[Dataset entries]
Segment Open

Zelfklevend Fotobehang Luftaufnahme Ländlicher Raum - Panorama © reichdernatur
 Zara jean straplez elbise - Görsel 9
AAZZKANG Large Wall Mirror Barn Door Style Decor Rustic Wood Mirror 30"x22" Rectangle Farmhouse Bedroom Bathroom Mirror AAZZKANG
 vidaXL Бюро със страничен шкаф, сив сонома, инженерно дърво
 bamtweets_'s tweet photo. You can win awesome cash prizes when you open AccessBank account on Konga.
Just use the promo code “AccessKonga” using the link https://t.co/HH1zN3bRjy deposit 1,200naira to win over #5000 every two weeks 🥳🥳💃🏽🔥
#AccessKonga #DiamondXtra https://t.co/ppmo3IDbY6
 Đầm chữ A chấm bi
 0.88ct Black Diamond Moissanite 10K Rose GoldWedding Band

Segment Closed

_Exercise objective_
Every line in the records has to be written out again exactly.

_Solution_
Zelfklevend Fotobehang Luftaufnahme Ländlicher Raum - Panorama © reichdernatur
 Zara jean straplez elbise - Görsel 9
AAZZKANG Large Wall Mirror Barn Door Style Decor Rustic Wood Mirror 30"x22" Rectangle Farmhouse Bedroom Bathroom Mirror AAZZKANG
 vidaXL Бюро със страничен шкаф, сив сонома, инженерно дърво
 bamtweets_'s tweet photo. You can win awesome cash prizes when you open AccessBank account on Konga.
Just use the promo code “AccessKonga” using the link https://t.co/HH1zN3bRjy deposit 1,200naira to win over #5000 every two weeks 🥳🥳💃🏽🔥
#AccessKonga #DiamondXtra https://t.co/ppmo3IDbY6
 Đầm chữ A chấm bi
 0.88ct Black Diamond Moissanite 10K Rose GoldWedding Band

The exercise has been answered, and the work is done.